- **Work required**
From the first line to the last, retype the records exactly and skip the pictures.

(Records to use)

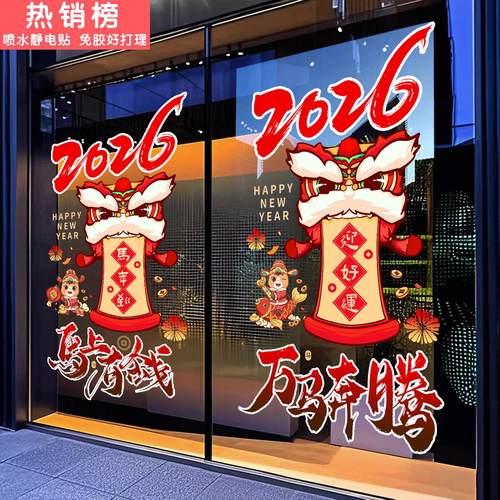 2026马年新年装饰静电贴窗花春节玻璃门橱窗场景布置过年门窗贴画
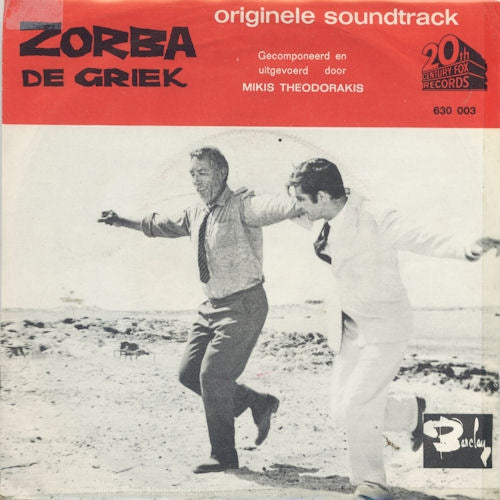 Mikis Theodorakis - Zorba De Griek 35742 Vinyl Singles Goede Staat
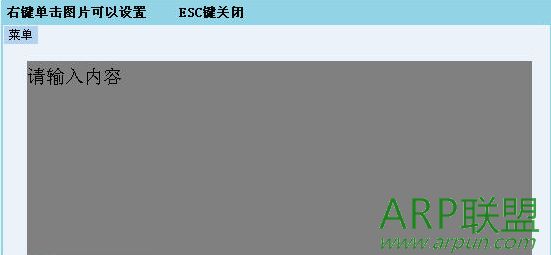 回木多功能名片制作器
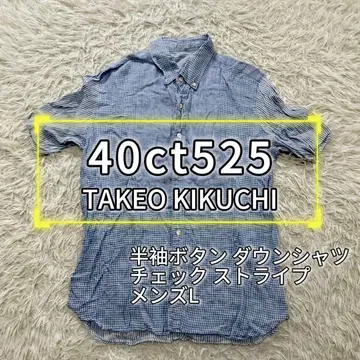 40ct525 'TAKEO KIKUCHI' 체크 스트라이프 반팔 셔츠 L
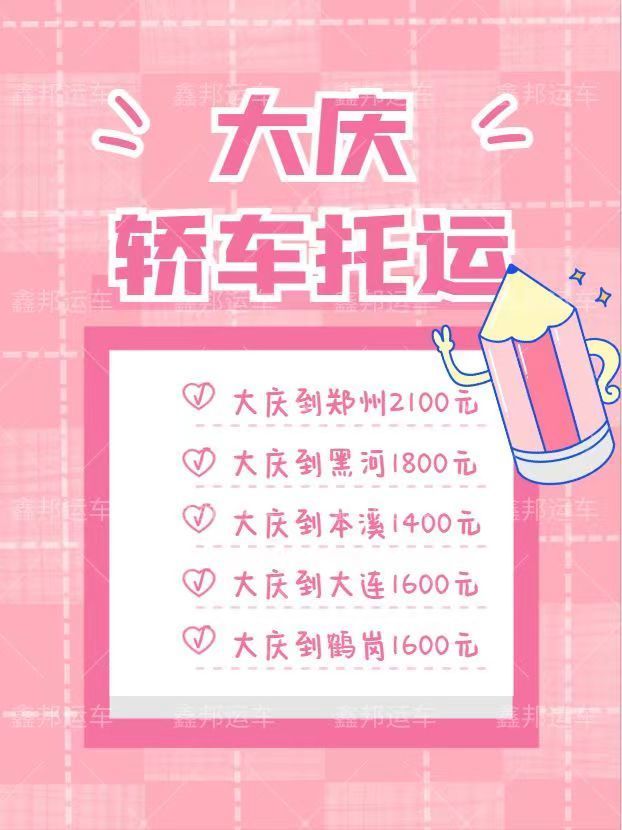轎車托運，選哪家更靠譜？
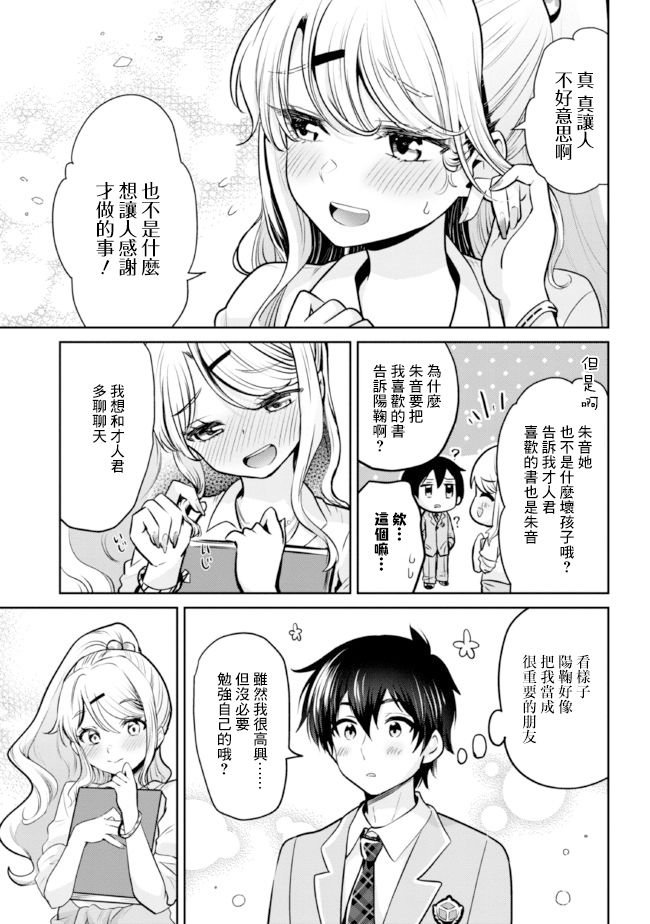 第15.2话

(End Records to use)

- **The completed task**
 2026马年新年装饰静电贴窗花春节玻璃门橱窗场景布置过年门窗贴画
 Mikis Theodorakis - Zorba De Griek 35742 Vinyl Singles Goede Staat
 回木多功能名片制作器
 40ct525 'TAKEO KIKUCHI' 체크 스트라이프 반팔 셔츠 L
轎車托運，選哪家更靠譜？
 第15.2话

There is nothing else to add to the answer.